Tuesday, October 24, 2017

Sebelum Menikah, Calon Menantuku Udah Bilang Kalo "Dia Gak Akan Masak, Beres-beres Rumah, dan Ngelahirin Anak," Tapi Sapa Sangka, 3 Tahun Kemudian, Dia Berubah Drastis Seperti "Ini"!

Aku dulunya menikah di usia yang cukup muda dengan suamiku, tapi aku gak menyangka kalau anakku, Denny, juga akan menikah muda sepertiku. Ketika Denny baru masuk kuliah tahun pertama, dia tiba-tiba membawa Anita pulang ke rumah dan memperkenalkannya padaku. Pada saat itu, Denny bahkan mengatakan bahwa dia serius ketika memutuskan untuk pacaran dengan Anita, mereka bahkan sudah mempunyai tujuan untuk menikah dengannya nanti setelah lulus kuliah. Aku pun tidak melarang ataupun mengatakan kalau pacaran dengan tujuan untuk menikah itu adalah keputusan yang salah, tapi aku menganggap Denny masih muda banget untuk memikirkan hal seperti ini. Dia masih belum terlalu dewasa untuk membina sebuah rumah tangga. Aku pun akhirnya gak banyak komentar dan membiarkan mereka untuk menjalani hubungan mereka baik-baik dulu.

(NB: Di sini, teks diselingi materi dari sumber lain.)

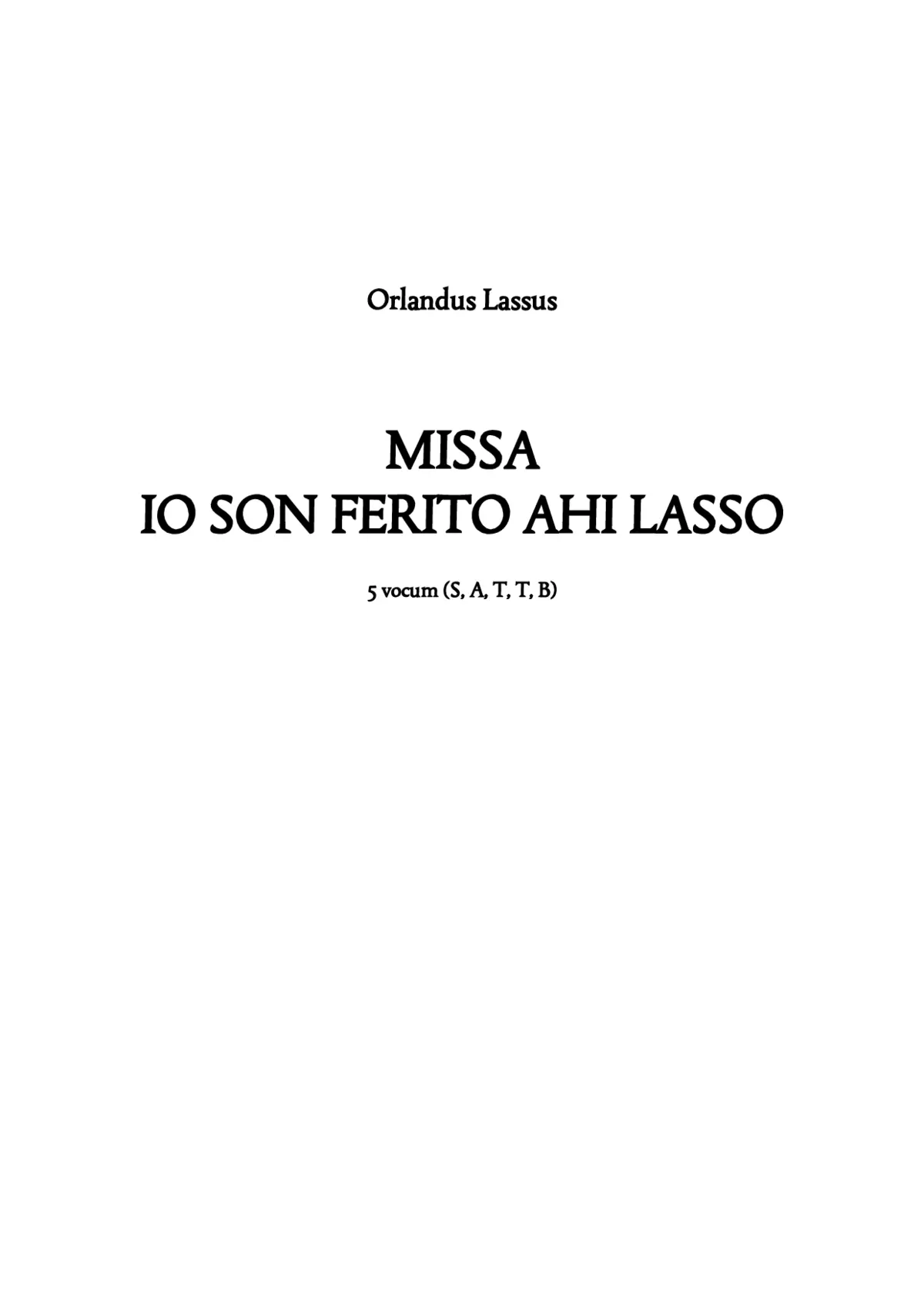 Missa Io son ferito ahi lasso - Page 1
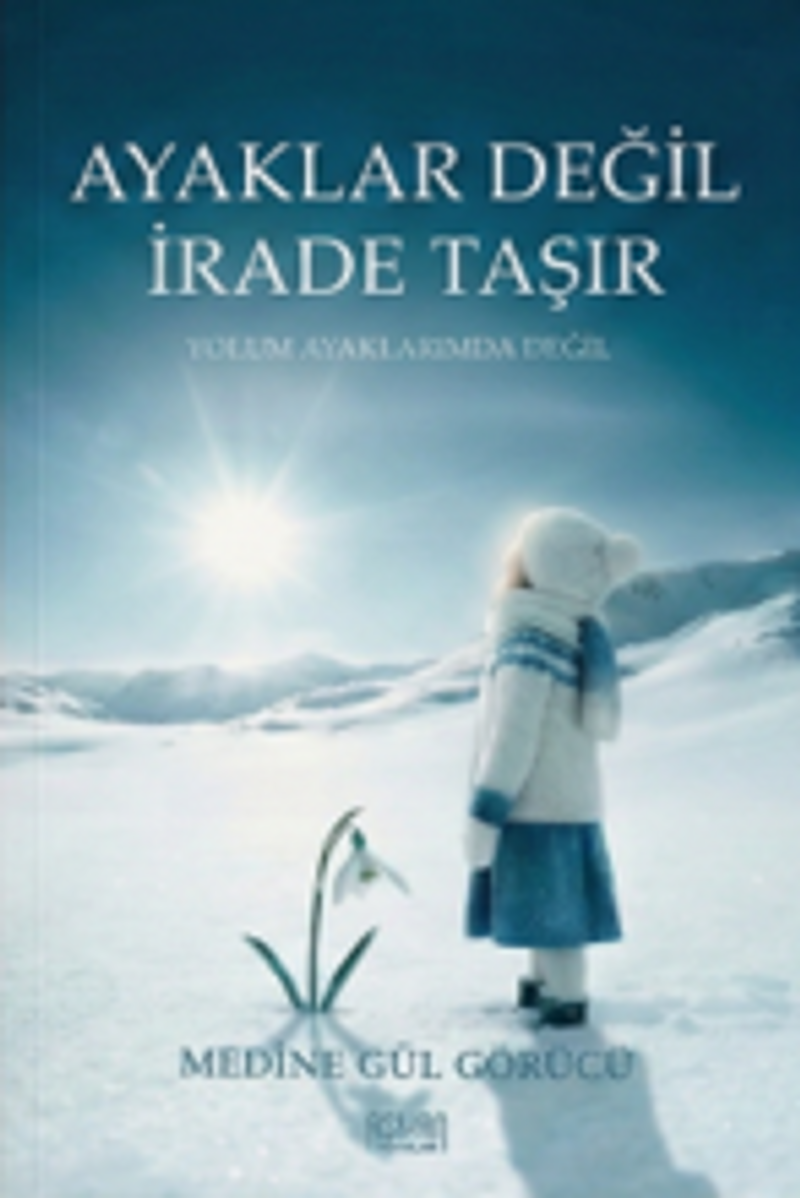 Ayaklar Değil İrade Taşır kitap kapağı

Namun tak disangka, setelah mereka berdua lulus, anakku membawa Anita pulang ke rumah dan mengatakan bahwa mereka ingin menikah. Anita pada saat itu meminta 3 permintaan ini padaku sebelum menikah dengan anakku;
1. Dia gak akan masak. Selama ini dia gak pernah menyentuh peralatan di dapur sama sekali, sehingga gak mungkin sekali untuknya bisa memasak.
2. Dia gak akan melakukan pekerjaan rumah tangga. Di rumahnya selalu ada pembantu yang akan membantunya untuk membereskan segala pekerjaan rumahnya, jadi dia pasti gak akan bisa membereskan pekerjaan di rumah karena dia gak pernah melakukannya.

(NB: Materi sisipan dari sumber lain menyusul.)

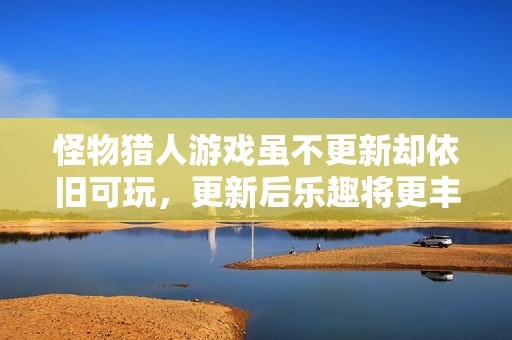 怪物猎人游戏虽不更新却依旧可玩，更新后乐趣将更丰富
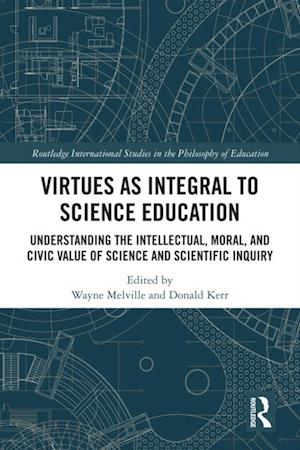 Virtues as Integral to Science Education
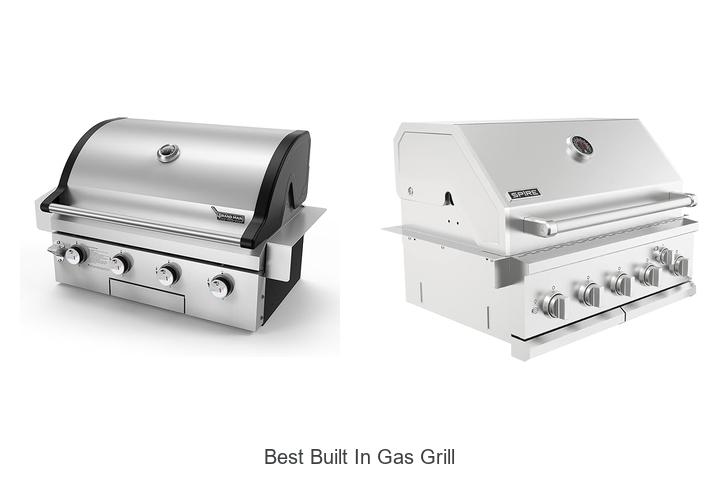 Top 15 Best Built In Gas Grill for Perfect BBQs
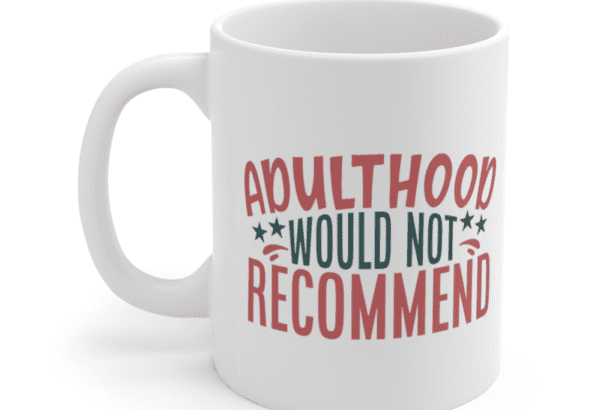 Adulthood Would Not Recommend – White 11oz Ceramic Coffee Mug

3. Dia gak mau melahirkan anak. Dia merasa mereka masih muda dan gak pengen secepat itu punya momongan.
Aku pun cuma menanggapi 3 permintaannya dengan santai seperti ini;
1. Kalau gak mau masak, tidak apa-apa, tapi kamu harus membeli makananmu sendiri. Kalau kalian sudah menikah, artinya kalian sudah dewasa, jadi kalian harus bisa bertanggungjawab atas diri kalian sendiri.

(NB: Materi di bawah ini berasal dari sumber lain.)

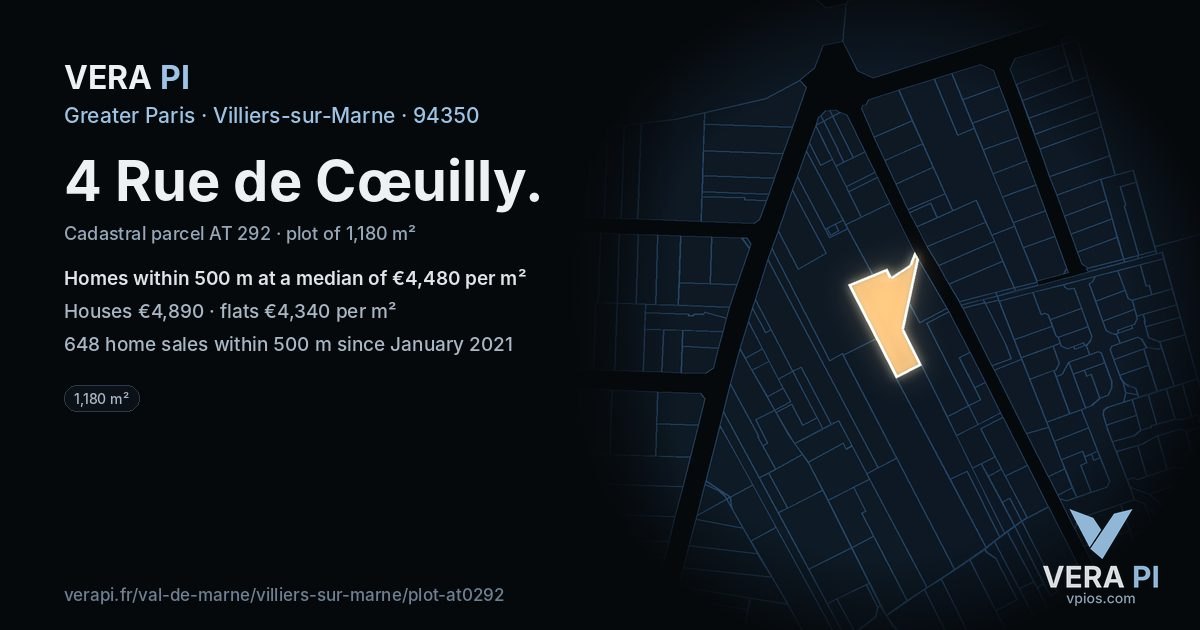 4 Rue de Cœuilly, Villiers-sur-Marne at night – the plot lit, the parcels around coloured by the prices near them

2. Tidak masalah kalau kamu gak mau membereskan rumah, tapi paling gak, bereskan kamar tidurmu sendiri. Aku bisa melakukan pekerjaan rumah sendiri, tapi kamar kalian harus kalianlah yang membereskannya. Aku tidak akan membantu kalian merapikannya sama sekali.
3. Karena aku sendiri baru berumur 40 tahun, aku tidak keberatan tidak menggendong cucu secepat itu. Aku juga gak terlalu cepat ingin menjadi seorang nenek.
Mendengar tanggapanku seperti ini, Anita pun menyetujuinya. Gak lama setelah pembicaraan itu, mereka pun menikah dan tinggal bersama denganku.
Setelah menikah, Anita meminta ijin padaku untuk memelihara seekor anjing dan kucing di rumah. Aku pun memberitahunya itu semua terserah dia, karena aku sebagai mertuanya gak ingin mengekang kebebasannya di rumahku. Aku selalu menganggap kalau punya seorang menantu, dia juga adalah anak yang dibesarkan susah payah oleh kedua orangtua, dan aku sebagai mertuanya gak berhak untuk "menyiksanya."
Dan sekarang, setelah 3 tahun berjalan, Anita sudah melahirkan Ferry, anak pertamanya, dan sedang mengandung anak keduanya. Hubungan kami berdua juga gak terlihat seperti mertua dan menantu, tapi seperti kakak beradik, bahkan seperti sahabat di rumah. Anita yang dulunya gak bisa memasak, sekarang hampir setiap hari memasak sayur untukku di rumah. Dia bahkan dengan senang hati membantuku untuk membereskan rumah.
Kenapa menantuku bisa tiba-tiba berubah 180 derajat seperti ini?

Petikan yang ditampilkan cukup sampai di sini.